## [EXERCISE DETAILS]
In the entries below, repeat only the lines between those holding "Tag der deutschen" and "used 2024 Hyundai", inclusive. Leave pictures out.

## [AVAILABLE RECORDS]
- - -
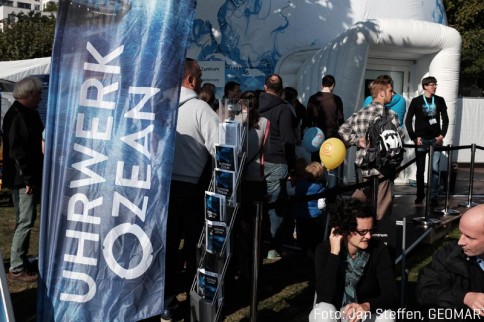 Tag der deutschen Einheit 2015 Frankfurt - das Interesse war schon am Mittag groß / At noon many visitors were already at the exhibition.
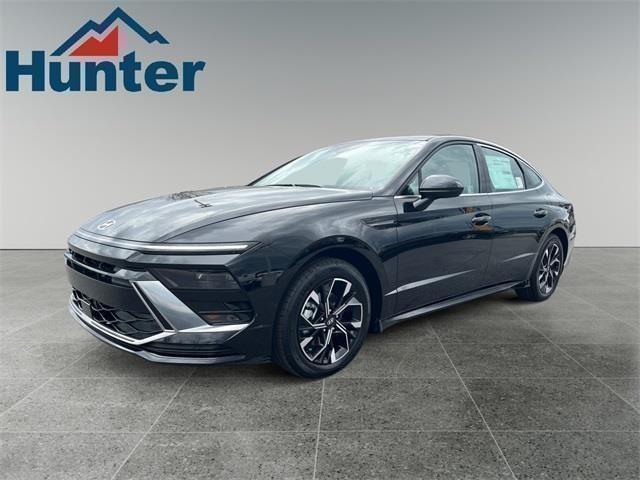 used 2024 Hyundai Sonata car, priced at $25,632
- - -
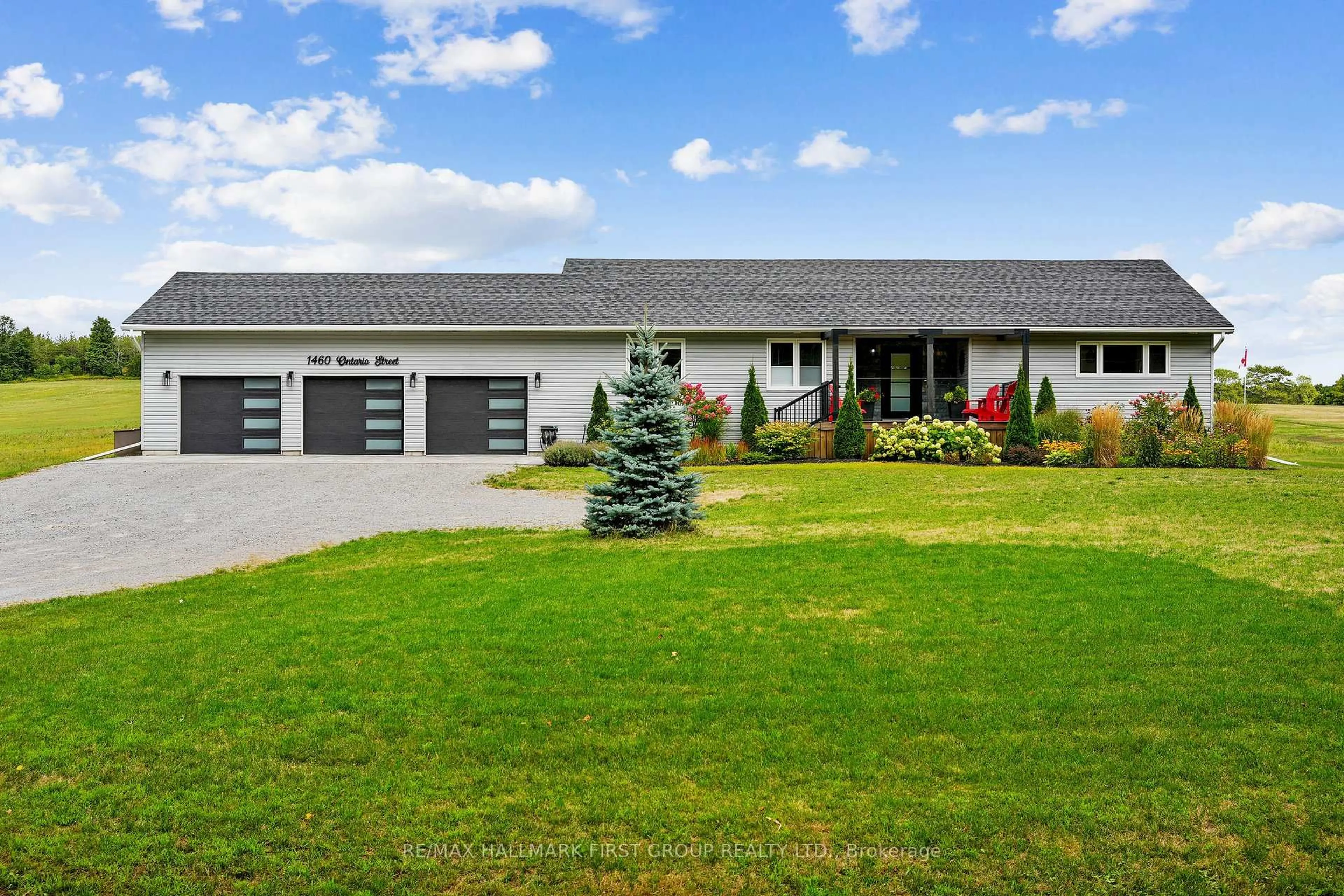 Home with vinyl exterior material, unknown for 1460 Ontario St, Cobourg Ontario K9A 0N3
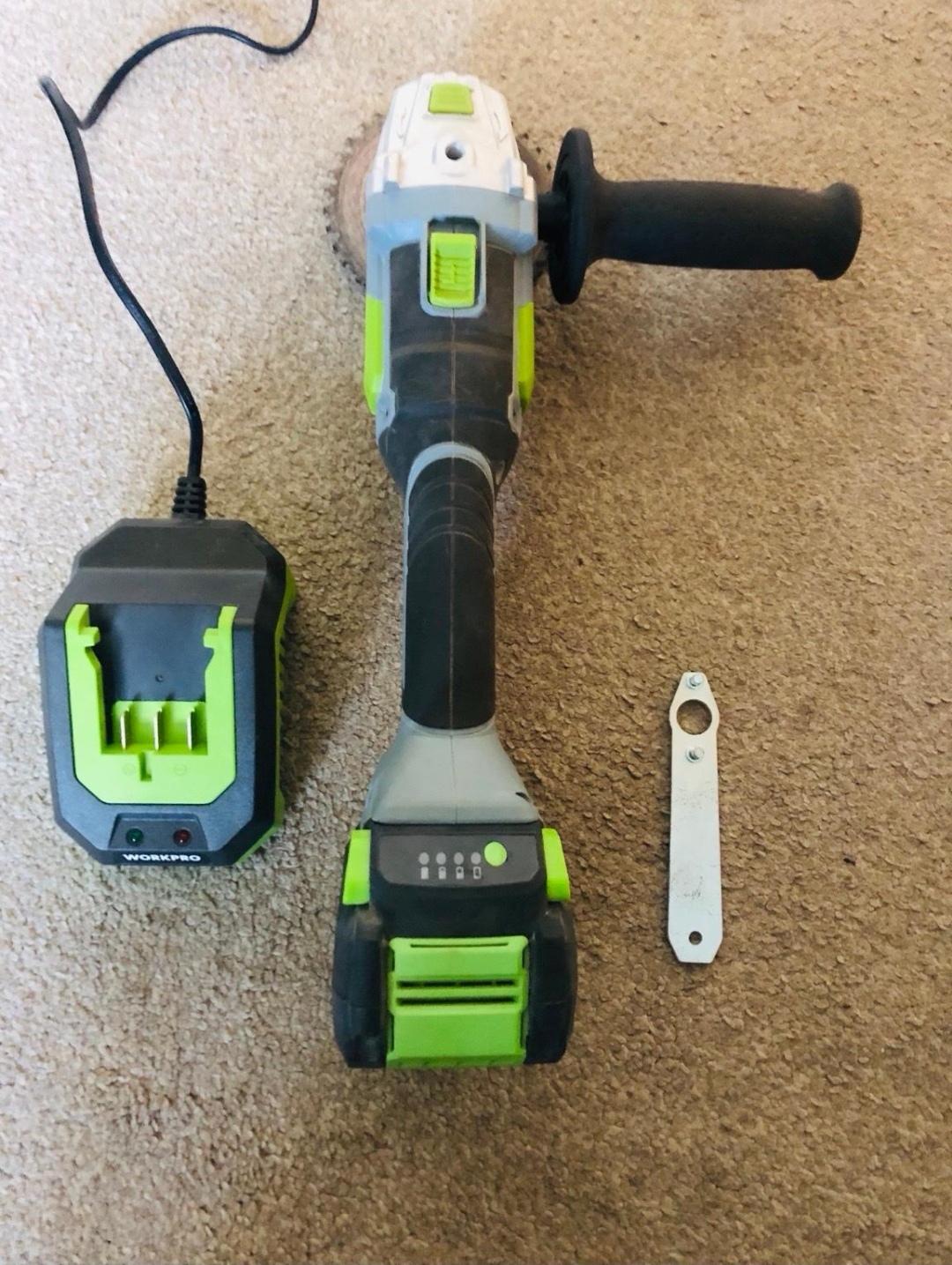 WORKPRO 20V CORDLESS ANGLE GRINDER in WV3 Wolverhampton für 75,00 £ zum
- - -
## [WRITTEN REPLY]
 Tag der deutschen Einheit 2015 Frankfurt - das Interesse war schon am Mittag groß / At noon many visitors were already at the exhibition.
 used 2024 Hyundai Sonata car, priced at $25,632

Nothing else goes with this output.